--- Task prompt ---
Would you write out, word for word, each line of the records below from the top through the one holding "Detecto - Mechanical"?
------ Dataset records
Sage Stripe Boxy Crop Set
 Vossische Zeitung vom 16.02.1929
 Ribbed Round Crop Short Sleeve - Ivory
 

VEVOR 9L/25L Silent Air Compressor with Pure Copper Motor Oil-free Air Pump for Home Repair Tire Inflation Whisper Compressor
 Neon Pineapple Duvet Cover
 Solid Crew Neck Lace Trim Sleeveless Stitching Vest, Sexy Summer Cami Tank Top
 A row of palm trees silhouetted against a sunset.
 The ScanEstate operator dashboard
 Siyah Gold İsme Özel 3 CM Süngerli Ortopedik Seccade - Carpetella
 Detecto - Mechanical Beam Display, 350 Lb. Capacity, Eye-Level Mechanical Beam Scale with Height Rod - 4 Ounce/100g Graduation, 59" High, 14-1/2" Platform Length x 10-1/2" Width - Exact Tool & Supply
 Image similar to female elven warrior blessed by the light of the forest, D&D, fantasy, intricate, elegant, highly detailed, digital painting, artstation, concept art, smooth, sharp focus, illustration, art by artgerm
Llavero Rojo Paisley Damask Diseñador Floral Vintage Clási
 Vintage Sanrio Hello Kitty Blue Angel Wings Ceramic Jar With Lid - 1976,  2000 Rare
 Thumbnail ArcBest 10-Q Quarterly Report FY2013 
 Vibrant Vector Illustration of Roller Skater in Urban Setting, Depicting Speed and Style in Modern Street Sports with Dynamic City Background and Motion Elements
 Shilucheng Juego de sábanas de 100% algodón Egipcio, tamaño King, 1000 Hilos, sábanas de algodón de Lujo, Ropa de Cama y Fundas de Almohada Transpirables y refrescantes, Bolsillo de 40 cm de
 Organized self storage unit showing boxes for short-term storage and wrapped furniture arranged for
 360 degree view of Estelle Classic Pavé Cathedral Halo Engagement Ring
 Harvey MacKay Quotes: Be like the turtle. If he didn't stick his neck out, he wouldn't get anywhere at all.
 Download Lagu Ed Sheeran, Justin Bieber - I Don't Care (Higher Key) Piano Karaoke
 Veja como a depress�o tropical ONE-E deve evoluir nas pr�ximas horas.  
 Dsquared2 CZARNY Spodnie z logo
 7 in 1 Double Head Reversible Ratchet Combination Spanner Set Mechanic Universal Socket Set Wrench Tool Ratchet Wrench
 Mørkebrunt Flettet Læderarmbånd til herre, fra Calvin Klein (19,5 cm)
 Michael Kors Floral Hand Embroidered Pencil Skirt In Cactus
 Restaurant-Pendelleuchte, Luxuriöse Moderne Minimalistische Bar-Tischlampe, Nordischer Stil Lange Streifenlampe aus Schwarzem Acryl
------------
--- Task solution ---
Sage Stripe Boxy Crop Set
 Vossische Zeitung vom 16.02.1929
 Ribbed Round Crop Short Sleeve - Ivory
 

VEVOR 9L/25L Silent Air Compressor with Pure Copper Motor Oil-free Air Pump for Home Repair Tire Inflation Whisper Compressor
 Neon Pineapple Duvet Cover
 Solid Crew Neck Lace Trim Sleeveless Stitching Vest, Sexy Summer Cami Tank Top
 A row of palm trees silhouetted against a sunset.
 The ScanEstate operator dashboard
 Siyah Gold İsme Özel 3 CM Süngerli Ortopedik Seccade - Carpetella
 Detecto - Mechanical Beam Display, 350 Lb. Capacity, Eye-Level Mechanical Beam Scale with Height Rod - 4 Ounce/100g Graduation, 59" High, 14-1/2" Platform Length x 10-1/2" Width - Exact Tool & Supply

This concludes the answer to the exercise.